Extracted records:
+-------+
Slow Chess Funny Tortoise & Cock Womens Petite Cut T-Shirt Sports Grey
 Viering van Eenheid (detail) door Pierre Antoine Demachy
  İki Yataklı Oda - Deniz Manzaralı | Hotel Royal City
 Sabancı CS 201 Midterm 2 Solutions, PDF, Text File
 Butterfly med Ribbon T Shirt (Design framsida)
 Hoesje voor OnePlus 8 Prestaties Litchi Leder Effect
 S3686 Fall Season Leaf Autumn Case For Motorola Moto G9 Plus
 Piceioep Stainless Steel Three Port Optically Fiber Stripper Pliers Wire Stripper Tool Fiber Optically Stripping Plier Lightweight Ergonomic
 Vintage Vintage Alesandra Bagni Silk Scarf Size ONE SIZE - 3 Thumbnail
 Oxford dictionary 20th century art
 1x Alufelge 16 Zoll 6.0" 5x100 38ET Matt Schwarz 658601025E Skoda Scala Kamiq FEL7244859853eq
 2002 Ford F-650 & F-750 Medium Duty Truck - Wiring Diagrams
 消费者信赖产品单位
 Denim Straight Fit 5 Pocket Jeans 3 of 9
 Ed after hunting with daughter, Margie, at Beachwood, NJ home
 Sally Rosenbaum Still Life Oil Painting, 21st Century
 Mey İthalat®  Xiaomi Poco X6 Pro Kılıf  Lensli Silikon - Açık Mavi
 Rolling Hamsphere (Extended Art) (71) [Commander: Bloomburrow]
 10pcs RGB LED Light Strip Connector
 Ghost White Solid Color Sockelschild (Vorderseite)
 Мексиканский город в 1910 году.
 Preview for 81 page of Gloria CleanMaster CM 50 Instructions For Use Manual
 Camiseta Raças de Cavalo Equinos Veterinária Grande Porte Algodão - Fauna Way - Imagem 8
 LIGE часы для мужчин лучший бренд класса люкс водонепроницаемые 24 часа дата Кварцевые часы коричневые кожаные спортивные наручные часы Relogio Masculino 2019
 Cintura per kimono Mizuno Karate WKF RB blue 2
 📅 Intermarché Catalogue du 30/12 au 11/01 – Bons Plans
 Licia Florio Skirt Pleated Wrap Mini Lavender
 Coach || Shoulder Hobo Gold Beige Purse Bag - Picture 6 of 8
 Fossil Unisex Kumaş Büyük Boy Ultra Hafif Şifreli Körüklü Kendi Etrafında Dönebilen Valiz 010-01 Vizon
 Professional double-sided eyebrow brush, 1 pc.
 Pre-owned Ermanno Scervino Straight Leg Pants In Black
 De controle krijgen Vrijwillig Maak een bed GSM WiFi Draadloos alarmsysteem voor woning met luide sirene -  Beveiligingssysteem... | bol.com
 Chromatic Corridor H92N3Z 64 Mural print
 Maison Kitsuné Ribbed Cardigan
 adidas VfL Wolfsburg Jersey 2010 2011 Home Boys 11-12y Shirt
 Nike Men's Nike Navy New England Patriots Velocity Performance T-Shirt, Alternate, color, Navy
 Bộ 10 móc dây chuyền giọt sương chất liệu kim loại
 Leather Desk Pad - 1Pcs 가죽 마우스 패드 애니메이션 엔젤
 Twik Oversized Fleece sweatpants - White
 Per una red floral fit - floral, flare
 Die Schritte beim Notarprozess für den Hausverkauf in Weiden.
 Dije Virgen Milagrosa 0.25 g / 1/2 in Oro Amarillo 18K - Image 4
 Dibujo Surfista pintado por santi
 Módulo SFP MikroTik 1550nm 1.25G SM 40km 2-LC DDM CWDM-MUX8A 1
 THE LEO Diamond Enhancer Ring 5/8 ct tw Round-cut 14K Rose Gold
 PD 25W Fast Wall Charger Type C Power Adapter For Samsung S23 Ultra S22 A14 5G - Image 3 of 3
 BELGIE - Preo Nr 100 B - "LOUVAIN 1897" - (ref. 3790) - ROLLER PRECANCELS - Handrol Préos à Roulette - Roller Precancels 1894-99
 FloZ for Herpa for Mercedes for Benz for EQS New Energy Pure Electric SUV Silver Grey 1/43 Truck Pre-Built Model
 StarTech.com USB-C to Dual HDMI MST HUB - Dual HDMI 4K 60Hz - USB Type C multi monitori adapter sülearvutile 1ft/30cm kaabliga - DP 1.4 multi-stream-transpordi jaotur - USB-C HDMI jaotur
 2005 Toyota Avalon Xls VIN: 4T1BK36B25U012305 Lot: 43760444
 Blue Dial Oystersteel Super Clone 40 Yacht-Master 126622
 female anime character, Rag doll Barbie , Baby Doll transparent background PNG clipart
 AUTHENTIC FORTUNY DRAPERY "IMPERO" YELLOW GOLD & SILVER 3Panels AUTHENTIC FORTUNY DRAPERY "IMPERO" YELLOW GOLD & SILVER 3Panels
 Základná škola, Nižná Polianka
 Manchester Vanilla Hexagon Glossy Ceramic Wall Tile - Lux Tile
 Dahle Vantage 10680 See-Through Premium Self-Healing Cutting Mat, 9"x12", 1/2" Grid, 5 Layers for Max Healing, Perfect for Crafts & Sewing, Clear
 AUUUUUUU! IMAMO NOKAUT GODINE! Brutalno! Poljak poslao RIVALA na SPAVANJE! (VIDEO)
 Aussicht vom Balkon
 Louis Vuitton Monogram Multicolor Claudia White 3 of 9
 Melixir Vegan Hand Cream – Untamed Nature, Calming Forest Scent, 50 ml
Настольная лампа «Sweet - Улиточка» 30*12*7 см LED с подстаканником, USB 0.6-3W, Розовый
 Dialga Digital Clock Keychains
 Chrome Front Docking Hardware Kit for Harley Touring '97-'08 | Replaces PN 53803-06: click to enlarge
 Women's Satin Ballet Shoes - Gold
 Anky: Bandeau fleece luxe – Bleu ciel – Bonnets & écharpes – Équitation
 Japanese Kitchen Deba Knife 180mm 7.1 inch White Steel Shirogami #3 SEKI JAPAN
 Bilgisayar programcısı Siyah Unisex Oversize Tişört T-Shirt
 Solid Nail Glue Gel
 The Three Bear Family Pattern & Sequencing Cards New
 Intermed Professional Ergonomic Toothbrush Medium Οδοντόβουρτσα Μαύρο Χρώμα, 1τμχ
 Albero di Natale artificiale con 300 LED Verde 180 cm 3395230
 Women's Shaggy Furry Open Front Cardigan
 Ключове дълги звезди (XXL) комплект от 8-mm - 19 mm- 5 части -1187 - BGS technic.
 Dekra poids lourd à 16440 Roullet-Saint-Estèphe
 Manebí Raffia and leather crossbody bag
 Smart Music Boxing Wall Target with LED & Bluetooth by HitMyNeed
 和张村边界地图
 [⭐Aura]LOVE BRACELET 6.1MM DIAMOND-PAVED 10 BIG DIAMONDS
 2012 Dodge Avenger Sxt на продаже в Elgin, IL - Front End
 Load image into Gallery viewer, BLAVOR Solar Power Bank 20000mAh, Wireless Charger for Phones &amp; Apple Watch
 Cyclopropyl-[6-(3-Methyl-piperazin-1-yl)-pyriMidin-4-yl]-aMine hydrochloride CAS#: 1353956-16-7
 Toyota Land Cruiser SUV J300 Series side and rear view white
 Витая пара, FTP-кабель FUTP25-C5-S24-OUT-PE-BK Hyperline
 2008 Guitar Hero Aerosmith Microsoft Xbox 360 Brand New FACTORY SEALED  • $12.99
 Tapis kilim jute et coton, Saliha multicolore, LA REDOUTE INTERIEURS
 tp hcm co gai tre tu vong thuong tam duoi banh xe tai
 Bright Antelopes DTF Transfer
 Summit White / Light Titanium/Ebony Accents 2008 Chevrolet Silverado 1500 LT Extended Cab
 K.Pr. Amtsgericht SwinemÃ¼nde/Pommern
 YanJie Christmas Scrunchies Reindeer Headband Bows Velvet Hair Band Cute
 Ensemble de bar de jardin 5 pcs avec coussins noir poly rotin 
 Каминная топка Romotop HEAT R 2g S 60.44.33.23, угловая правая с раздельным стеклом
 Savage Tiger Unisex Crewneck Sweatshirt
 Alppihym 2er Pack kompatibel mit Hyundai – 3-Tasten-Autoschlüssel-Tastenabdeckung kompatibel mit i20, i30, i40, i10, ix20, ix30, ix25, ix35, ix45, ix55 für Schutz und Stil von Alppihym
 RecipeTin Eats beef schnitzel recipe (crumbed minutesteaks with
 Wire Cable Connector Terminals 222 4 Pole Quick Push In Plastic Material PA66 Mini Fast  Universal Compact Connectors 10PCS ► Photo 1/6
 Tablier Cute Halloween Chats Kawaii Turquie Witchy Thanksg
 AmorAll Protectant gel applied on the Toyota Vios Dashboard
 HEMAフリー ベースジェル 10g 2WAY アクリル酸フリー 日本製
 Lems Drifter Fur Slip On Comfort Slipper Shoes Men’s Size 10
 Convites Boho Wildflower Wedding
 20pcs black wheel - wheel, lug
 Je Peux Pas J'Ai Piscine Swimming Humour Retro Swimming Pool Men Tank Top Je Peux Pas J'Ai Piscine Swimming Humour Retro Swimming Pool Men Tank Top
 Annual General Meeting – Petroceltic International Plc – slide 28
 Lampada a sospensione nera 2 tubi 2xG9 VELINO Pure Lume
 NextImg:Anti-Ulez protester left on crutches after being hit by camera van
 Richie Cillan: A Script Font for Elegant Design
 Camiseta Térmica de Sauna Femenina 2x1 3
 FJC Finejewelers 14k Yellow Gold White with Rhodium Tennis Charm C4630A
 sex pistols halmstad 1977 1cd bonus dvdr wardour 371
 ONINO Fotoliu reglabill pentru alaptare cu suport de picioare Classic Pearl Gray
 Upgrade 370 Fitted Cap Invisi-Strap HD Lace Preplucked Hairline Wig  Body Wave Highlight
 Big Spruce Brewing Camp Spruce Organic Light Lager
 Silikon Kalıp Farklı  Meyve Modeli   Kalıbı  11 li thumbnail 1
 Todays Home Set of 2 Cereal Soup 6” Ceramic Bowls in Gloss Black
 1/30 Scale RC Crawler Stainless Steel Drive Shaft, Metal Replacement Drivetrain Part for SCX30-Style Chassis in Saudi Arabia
+-------+
The number alone is the answer: work out how many lines in the data contain "Connector".

2